Whether or not the Star Thrower agrees with Wilson, he would, in the words of Dr Seuss’ Lorax, be a person who indeed cares a whole awful lot. As with many other threats to the environment, including those that apply to the Great Barrier Reef, every difference made, no matter how small, counts. And thankfully, despite the doom and gloom covered in the previous posts on dying coral and badly-made decisions, there are quite a few Star Throwers out there.
1. The Great Barrier Reef Marine Park Authority (GBRMPA)
The GBRMPA is a government-based organisation meant to oversee the care and proper use of the Great Barrier Reef. The GBRMPA maintains a website of comprehensive guidelines and information that is readily accessible to the general public. It works closely with researchers and scientists to monitor and tackle threats to the Reef (one example is the research cited in the post on the crown of thorns starfish) and also with other government authorities, advisory committees, indigenous peoples groups living on the Reef and even industry players in areas like tourism and fishing. All this is done so as to best maintain the Reef and make sure it is used in a sustainable manner. The GBRMPA also uses this information, gathered from a multitude of perspectives, to legislate policies regarding the Reef and resolve conflicts.
Given the work done by the GBRMPA, it relates to the concept of the management of the so-called ‘commons’, a term used by American ecologist Garrett Hardin in his 1968 essay “The Tragedy of the Commons”. Using the analogy of a pasture utilised by several cattle ranchers, Hardin illustrated a bleak situation. If each rancher were to look out only for his own self-interest, he would add as many heads of cattle to the pasture as he possibly could to maximise the profits he could gain from his herd. No one rancher owns the pasture, and each rancher feels no obligation, no responsibility to care for the pasture or ensure that this common pool resource is being used at a sustainable rate. This results in the tragedy Hardin describes.
So how do cows and pastureland relate to marine organisms and the Great Barrier Reef? Hardin’s pasture analogy is widely applicable to just about any type of common pool resource in the world, not excepting the Great Barrier Reef. The one way the Reef differs from the pasture is that its use as a common pool resource extends into the use of the Reef for things such as tourism, as a shipping lane, as an area for naval exercises, as a place of residence for Aboriginal communities… The list goes on. We are no longer talking about a bunch of cattle ranchers, but millions of individual users who, again, have no ownership of the Great Barrier Reef and, again, no real motivation to care for it.
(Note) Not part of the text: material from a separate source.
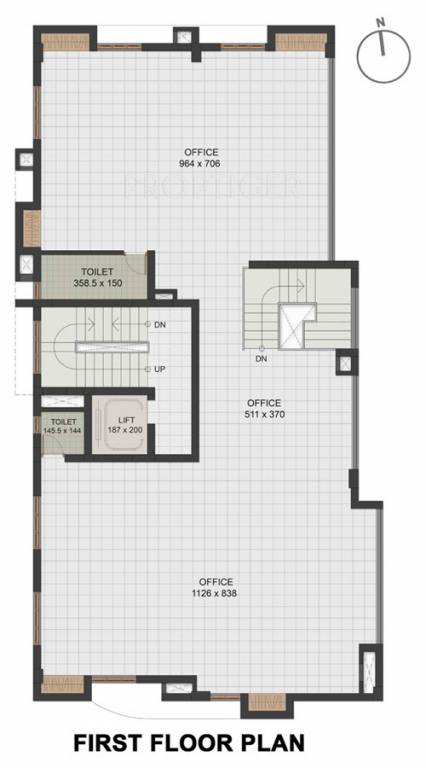 Images for Cluster Plan of Sreerosh Renaissance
This is where the GBRMPA comes in.
Perhaps the most compelling way by which people could be compelled to care for common pool resources is through the use of government policy. By legislating care of the Reef, the GBRMPA (and other government organisations like it, overseeing other common pool resources) can help to ensure the sustainable use of such resources. Hardin corroborates the view that government bodies are effective and calls for the ‘”legislation of temperance” with regard to common pool resources (Hardin, 1968). Governments, according to Hardin, need to delegate work to various branches and bureaus to ensure sustainable use and enforce prohibitive laws while “corrective feedbacks” should be applied to ensure that these government bodies do not engage in any unscrupulous behaviour (Hardin, 1968). The type of power that governments wield in setting laws, rules and regulations and using various technique to enforce these laws makes for a powerful system of incentives to encourage desirable behaviour and punishments (such as fines and jail terms for misconduct on the Great Barrier Reef, as outlined here by the GBRMPA) to discourage harmful or undesirable behaviour. Through this means of top-down communication, sustainability of common pool resources can become a reality.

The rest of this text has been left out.